# Sexual Narcissism



## DownByTheRiver

Since we're frequently on this subject, this article may offer some thoughts about what is underlying it. 









How to Recognize Sexual Narcissism — and What to Do Next


Whether you're involved with someone who shows signs of sexual narcissism or re-evaluating your own ideas around sex, we've got answers to your questions.




www.healthline.com


----------



## Personal

DownByTheRiver said:


> *Since we're frequently on this subject*, this article may offer some thoughts about what is underlying it.


Are we frequently on this subject at all?

_"These behaviors persist, showing up consistently rather than occasionally, but they appear in the context of sexual interactions and relationships instead of all areas of life. 
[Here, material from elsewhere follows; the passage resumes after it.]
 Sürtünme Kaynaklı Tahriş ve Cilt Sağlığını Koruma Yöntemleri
A partner with sexual narcissism may: 
_

_believe they deserve sex and have a right to demand it whenever they want, even if you’re working, sleeping, or occupied with something else_
_expect sex in return for gifts or favors_
_feel perfectly willing to trick, deceive, or manipulate you into having sex_
_care little about what you want in bed_
_need a lot of validation and admiration for their sexual performance_
_believe they have superior sexual skills and that everyone else considers them fantastic sexual partners_
_react poorly when you refuse sex or fail to offer enough praise and approval_
_put you down, often to manipulate you more easily_
_feel bothered or dissatisfied by the idea that others are having more sex or better sex than they are_
_The belief they deserve sex when they want it may lead them to have sex outside your relationship. They might justify this behavior and you may feel as if it’s your fault for not making yourself available for sex."_

Of which let us address those bullet points in order.
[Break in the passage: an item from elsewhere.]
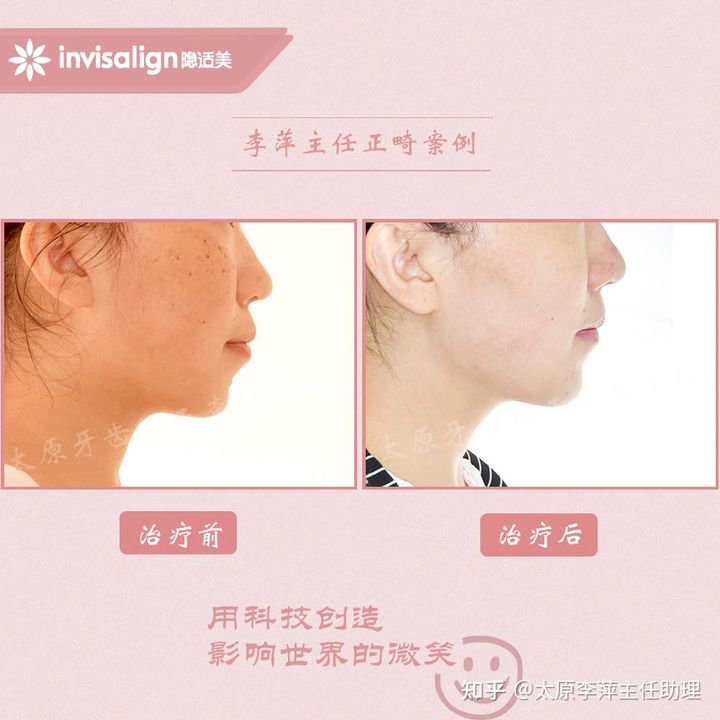 太原整牙齿矫正要多少钱,坏牙齿只剩牙根有必要拔牙吗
_believe they deserve sex and have a right to demand it whenever they want, even if you’re working, sleeping, or occupied with something else_
No one deserves to share sex, and no one should be entitled to the sharing of any sex at all.
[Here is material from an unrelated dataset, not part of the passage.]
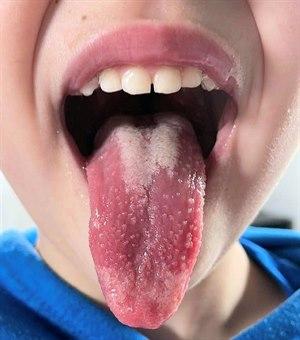 Jordbærtunge ved skarlagensfeber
Likewise no one ought to be forced to or feel compelled to share sex with anyone they don't want to in any instance, no matter what relationship they have with that person.

That said since a person owns their own sexuality, if they are in a relationship that is nominally sexual, yet their sexual partner doesn't want to share sex with them, at anywhere near the same frequency or at all. They should feel free to try to seek sex consensual with others who want to share sex with them, in order to satiate their sexual desires, either after ending that relationship or even while maintaining it. Of course applying the principles of informed consent, since cheating is poor form. While also appreciating that consensual non-monogamy is on the other hand perfectly decent behaviour.

_expect sex in return for gifts or favors_
If the sharing of sex is a component of a transactional sexual relationship like prostitution. Then expecting sex in return for mutually agreed gifts or favours, makes that expectation in that agreed and consensual context perfectly reasonable.

On the other hand at least in my experience, sharing great sex (as opposed to mediocre sex) tends to generate the desire to share more great sex. Doing unrelated things like washing dishes, cooking meals or mowing the lawn etc, do little through nothing to generate much if any sexual desire at all. That said doing chores and pulling ones own weight etc if able, is simply what a person ought to be doing as an adult.

_feel perfectly willing to trick, deceive, or manipulate you into having sex_
Which is appalling behaviour.

Just like being perfectly willing to trick, deceive or manipulate you into not having sex, is also appalling behaviour.

_care little about what you want in bed_
That approach is not going to get someone very far in the long run. Since if the sex sux for the other person, then they won't want to share more of it.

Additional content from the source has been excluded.